Governor Jay Nixon’s veto will stand on a bill that would have put the control of captive deer in Missouri under the Department of Agriculture. The House attempt to block the veto failed by one vote.

Outgoing Bethany Representative Casey Guernsey carried the ag bill in the House.(photo courtesy; Tim Bommel, Missouri House Communications)
The deer language was added to a bill with multiple agriculture provisions. It would have included captive deer in the definition of “livestock” in state law.
House Republican leadership kept the voting board open more than 20 minutes while it looked for the 109 votes needed for a veto overturn. When the tally hit 109 the instruction was given to close the board, but one lawmaker, Jeff Roorda of Barnhart, switched his vote from a “yay” to a “nay” at the last moment and the bill failed.
The legislation is SB 506.
Opinions on the bill divided largely due to the deer language. T.J. McKenna of Festus says the experts told the General Assembly, they didn’t want it.

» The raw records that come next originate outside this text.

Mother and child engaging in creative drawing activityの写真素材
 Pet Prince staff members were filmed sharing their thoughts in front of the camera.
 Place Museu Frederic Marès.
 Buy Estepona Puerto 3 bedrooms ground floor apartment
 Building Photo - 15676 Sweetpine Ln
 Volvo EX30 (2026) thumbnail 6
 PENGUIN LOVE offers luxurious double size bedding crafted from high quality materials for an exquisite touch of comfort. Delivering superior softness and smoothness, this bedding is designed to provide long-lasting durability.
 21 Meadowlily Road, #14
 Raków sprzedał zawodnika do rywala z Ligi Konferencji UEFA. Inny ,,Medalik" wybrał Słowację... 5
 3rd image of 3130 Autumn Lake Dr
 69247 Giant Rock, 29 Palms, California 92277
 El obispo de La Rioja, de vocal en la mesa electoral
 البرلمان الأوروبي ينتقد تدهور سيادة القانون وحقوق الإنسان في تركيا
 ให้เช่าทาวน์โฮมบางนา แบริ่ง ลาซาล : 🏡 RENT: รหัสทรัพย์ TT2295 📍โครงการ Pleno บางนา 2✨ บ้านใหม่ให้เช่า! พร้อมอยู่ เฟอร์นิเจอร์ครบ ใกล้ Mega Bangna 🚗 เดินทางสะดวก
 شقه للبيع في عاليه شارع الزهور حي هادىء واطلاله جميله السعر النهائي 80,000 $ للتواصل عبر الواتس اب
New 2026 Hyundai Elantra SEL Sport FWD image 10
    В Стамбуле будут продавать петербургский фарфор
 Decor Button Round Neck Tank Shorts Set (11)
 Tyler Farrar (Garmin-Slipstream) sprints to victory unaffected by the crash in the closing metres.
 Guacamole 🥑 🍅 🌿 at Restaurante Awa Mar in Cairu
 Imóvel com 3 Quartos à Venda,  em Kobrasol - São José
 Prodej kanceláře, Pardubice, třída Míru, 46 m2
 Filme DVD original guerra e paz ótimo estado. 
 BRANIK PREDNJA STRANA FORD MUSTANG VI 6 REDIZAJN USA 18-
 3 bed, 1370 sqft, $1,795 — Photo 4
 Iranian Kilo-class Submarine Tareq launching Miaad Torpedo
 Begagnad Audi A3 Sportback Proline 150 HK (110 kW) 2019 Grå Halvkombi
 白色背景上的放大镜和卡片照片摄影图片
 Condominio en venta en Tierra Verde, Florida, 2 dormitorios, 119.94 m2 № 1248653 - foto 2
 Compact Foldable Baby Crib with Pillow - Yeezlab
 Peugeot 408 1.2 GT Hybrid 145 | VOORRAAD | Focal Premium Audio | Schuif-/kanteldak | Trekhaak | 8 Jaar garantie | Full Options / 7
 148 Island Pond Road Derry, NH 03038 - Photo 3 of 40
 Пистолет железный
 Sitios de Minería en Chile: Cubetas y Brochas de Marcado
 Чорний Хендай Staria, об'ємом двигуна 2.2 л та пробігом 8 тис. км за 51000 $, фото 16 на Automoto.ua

“The Department of Conservation and the Department of Agriculture both testified against this bill,” says McKenna. “I don’t know why we as a legislature continue to do what the people that take care of things tell us is not the right thing to do.”
Buffalo representative Sandy Crawford says there is good reason to change the management of captive deer.
“These are deer farmers,” Crawford says of those who raise captive deer. “The USDA considers captive deer, agriculture – livestock.”
The other main provision of the bill was a subsidy for dairy producers to help them pay for federal insurance. That also drew some criticism from lawmakers like Bill White of Joplin, who didn’t think it was necessary.
“The ideal world would be to get government out of our agriculture, get them out of the dairy business, let the free market control our prices, let [producers] make business decisions,” says White.
Still, the bill fell only one short of the two-thirds majority needed in the House to overturn Governor Nixon’s veto of it.